Studio rendering of pickleballtv
Source: Tennis Channel
For the PPA Tour, the joint venture will allow Tennis Channel to take the reigns on producing all of its content both for its own platforms as well as the Tour’s other media partners, including Disney‘s ESPN, Paramount‘s CBS and Prime Video.
“A lot of emerging sports sometimes have trouble with production, quality and consistency,” said Dundon. “So when we deliver a program to Fox or ESPN, they know it’s perfect. It makes it a lot easier for them to want to carry us and cover us.”
While terms of the deal weren’t disclosed, the agreement allows Tennis Channel owner Sinclair to retain the option of an equity stake in Pickleball.com, the parent company of the PPA Tour. Dundon added it’s a 50-50 partnership between the two entities, noting the PPA Tour will put the capital in and Tennis Channel will bring its production and media expertise.
“If you look at what Apple did with [Major League Soccer], the MLS does all of the production. So I think we’re just consistent with where the [media] world’s going where we can produce it cheaper, with scale,” Dundon said.
He foresees the joint venture propelling further media rights deals with the help of Tennis Channel executives that are familiar with TV carriage negotiations and building up streaming platforms.
“This partnership is really the seminal moment for what is still in many ways the nation’s sport…And we get to take 20 years of right decisions and mistakes and apply them directly to expand pickleball and the PPA,” Ken Solomon, Tennis Channel president, told CNBC.
Tennis Channel will have the rights to show most PPA Tour matches, and those that air live on other media networks will be shown on a same-day delay and will be available on-demand on Tennis Channel platforms.
Pickleball is not new to the 20-year-old Tennis Channel. The network first aired a PPA Tour event in 2021 and expanded its coverage of pickleball in 2022.
Solomon said pickleball ratings have been strong to date. There are 25 PPA Tour events on the 2023 calendar. The network already produces events for the PPA Tour, Dundon added.
The joint venture will also allow Tennis Channel to use its marketing and advertising prowess to sell pickleball to sponsors and advertisers by combining their offerings.
Solomon said for traditional tennis fans, they don’t have to worry about the paddle sport taking over the bread and butter of their network. The network will not air pickleball in time periods where they have rights to live tennis.
“These things, [tennis and pickleball], go together beautifully. It’s like peas and carrots,” he said.
Solomon said the Tennis Channel is currently looking at broadcast enhancements through cameras, the use of artificial intelligence, and a jib shot at the net that will allow the audience to see the tension of patience versus pulling the trigger with a slam or drive.
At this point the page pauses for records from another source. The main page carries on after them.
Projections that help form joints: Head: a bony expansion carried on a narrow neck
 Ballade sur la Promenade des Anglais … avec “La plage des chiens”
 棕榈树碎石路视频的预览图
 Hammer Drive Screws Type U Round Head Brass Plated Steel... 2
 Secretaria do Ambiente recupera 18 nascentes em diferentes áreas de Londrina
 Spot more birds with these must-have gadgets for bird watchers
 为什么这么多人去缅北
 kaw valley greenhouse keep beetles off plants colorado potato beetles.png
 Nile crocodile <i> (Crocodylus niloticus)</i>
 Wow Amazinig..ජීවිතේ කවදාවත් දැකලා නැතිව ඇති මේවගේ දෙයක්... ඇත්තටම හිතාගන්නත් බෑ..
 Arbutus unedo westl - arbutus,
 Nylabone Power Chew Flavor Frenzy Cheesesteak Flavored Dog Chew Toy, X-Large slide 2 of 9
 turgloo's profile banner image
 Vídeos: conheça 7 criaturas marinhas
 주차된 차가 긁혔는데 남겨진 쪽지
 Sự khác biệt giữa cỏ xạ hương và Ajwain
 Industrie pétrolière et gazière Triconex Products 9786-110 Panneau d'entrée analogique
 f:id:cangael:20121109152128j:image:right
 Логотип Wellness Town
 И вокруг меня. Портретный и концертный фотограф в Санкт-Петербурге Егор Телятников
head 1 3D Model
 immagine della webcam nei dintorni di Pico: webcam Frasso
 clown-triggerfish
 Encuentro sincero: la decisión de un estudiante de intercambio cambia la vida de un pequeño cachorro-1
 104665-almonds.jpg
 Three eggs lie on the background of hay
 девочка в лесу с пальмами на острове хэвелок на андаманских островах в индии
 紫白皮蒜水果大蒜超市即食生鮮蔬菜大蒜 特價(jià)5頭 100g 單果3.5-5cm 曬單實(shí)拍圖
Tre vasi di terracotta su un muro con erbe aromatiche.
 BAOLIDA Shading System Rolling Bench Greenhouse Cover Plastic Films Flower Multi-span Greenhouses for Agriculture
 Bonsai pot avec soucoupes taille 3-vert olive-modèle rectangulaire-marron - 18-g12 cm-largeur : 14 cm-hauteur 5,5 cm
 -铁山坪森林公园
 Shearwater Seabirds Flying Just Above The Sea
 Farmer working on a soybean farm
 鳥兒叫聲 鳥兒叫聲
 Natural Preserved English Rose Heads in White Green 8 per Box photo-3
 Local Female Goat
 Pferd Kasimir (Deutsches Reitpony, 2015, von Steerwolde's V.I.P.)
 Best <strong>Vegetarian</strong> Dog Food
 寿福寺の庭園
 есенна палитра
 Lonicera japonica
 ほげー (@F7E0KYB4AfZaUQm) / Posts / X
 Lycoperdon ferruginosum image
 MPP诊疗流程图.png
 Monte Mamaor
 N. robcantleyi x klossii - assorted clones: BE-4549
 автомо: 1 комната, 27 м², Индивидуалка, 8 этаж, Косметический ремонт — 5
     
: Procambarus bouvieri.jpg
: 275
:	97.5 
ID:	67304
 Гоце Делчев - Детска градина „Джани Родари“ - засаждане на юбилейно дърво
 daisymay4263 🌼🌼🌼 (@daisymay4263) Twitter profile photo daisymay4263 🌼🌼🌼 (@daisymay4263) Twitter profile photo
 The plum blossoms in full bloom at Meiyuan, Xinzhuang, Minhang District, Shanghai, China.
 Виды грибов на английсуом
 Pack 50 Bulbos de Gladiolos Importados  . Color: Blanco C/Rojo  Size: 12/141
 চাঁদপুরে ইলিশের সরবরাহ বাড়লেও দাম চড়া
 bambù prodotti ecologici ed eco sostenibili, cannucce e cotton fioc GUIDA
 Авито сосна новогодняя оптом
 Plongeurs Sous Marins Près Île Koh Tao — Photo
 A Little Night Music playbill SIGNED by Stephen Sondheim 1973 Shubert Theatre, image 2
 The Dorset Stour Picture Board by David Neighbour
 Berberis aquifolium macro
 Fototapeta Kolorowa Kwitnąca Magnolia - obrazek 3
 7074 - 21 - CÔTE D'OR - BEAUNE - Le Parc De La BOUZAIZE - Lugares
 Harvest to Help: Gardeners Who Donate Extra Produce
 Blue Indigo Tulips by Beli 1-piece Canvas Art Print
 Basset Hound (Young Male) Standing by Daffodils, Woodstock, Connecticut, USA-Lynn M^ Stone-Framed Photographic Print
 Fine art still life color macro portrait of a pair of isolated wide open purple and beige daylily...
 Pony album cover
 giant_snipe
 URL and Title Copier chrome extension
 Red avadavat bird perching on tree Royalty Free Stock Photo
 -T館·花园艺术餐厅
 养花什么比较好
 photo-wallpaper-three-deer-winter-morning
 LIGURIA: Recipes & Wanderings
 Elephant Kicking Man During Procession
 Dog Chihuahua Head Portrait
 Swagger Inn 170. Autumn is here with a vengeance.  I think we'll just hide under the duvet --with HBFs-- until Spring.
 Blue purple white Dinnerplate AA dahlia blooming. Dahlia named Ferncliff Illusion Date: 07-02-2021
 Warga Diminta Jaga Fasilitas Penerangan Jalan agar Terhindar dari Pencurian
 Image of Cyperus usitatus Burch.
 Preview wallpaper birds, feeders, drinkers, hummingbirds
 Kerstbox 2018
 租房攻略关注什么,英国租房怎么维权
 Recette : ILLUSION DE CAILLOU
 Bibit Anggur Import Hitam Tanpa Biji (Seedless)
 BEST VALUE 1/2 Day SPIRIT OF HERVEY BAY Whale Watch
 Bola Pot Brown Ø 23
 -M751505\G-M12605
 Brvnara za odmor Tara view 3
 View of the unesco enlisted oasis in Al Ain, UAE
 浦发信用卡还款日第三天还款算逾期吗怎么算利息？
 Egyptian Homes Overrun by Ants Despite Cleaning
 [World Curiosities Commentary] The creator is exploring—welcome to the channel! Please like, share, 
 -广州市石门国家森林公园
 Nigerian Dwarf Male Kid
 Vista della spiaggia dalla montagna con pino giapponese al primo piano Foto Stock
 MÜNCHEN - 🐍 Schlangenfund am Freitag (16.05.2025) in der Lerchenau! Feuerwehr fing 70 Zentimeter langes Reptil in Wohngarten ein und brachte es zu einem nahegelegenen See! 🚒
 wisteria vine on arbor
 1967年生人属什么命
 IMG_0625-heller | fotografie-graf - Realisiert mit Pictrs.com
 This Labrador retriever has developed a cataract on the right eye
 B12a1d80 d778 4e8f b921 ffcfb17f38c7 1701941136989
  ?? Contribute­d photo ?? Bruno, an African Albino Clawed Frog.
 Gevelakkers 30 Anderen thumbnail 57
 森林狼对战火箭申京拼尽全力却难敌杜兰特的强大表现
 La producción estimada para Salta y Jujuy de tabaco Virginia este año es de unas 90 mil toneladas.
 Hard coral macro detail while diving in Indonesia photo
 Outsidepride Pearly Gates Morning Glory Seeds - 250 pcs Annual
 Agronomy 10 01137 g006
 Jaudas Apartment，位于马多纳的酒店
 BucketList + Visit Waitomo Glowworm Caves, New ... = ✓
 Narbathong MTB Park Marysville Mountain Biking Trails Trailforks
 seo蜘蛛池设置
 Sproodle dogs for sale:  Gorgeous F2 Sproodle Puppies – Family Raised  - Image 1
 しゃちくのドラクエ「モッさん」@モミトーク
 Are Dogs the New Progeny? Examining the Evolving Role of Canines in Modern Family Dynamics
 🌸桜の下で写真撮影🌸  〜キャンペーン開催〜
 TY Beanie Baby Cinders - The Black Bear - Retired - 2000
It’s been a busy few months for professional pickleball. The PPA Tour, which is a tour-style format pitting the best players in the world against each other, and Major League Pickleball, which features team play, announced earlier this month they are merging. This followed a dramatic few weeks of uncertainty surrounding the future of the professional sport as the leagues engaged in a spending war to compete against each other.
In the last few years, pickleball has seen unprecedented growth as professionals and amateurs turn to the sport in droves. According to the annual Sports & Fitness Industry Association Topline Report, pickleball has seen 159% growth over the past three years. Last year, 36 million people played the sport, leading to the growth of both public and private courts all over the country.
The sport has also attracted big name players like Bill Gates and the Kardashians to celebrity owners like LeBron James, Patrick Mahomes and Kevin Durant.